SEATTLE – A new international Starbucks boycott campaign is under way over the company’s support of legalizing same sex marriage.
The National Organization for Marriage has launched the website dumpstarbucks.com, where people can sign a petition against the company or learn how to contact Starbucks directly.
"Starbucks has taken a corporate position in support of redefining marriage for all of society. We will not tolerate an international company attempting to force its misguided values on citizens,” said NOM president Brian Brown in a press release.
As of Friday morning, at least 6,000 people had pledged to support the boycott, according to the website.
Starbucks publicly supported a gay marriage bill passed by the Washington state Legislature this year. In a January letter to its employees, Starbucks wrote, “This important legislation is aligned with Starbucks business practices and upholds our belief in the equal treatment of partners. It is core to who we are and what we value as a company.”
“Corporations should not take sides in a culture war that pits a company against half the American people, and nearly all its consumers in some international markets,” Brown responded.
The bill was passed by the Legislature last month, but could end up before voters in November in the form of a referendum and a separate public initiative.
NOM said it also plans to launch an advertising campaign in 55 countries, including the United States, the Middle East and Southeast Asia.
"In many areas of the world where Starbucks does business, the concept of 'gay marriage' is unheard of and deeply offensive to cultural, moral and religious values,” NOM writes in a post on the dumpstarbucks website.

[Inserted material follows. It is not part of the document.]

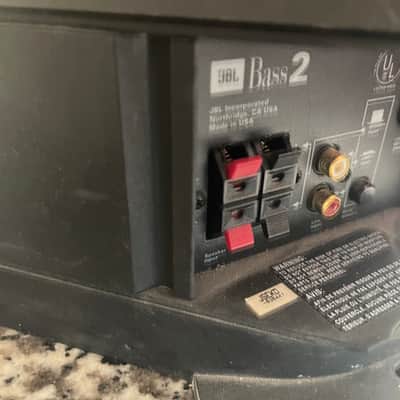 JBL Music 2 system  2 satellite and 1 amplified subwoofer  1996 - Black image 3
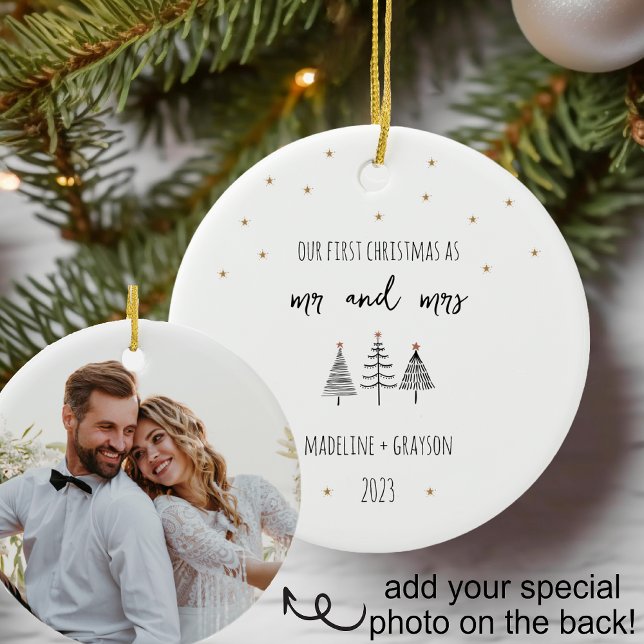Our First Christmas Mr and Mrs Christmas Ornament (Creator Uploaded)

Last month, Pastor Steven Andrew of USA Christian Ministries launched his own boycott campaign against Starbucks, claiming the Seattle-based coffee giant could lose 80 percent of its customers if Christians get their coffee somewhere else.
In a non-scientific poll on KING5.com last month, 12 percent of people said they would never buy products again from a company that supported same-sex marriage, while 51 percent said they were more likely to buy products from those companies. Thirty-three percent said it would make no difference in their buying habits.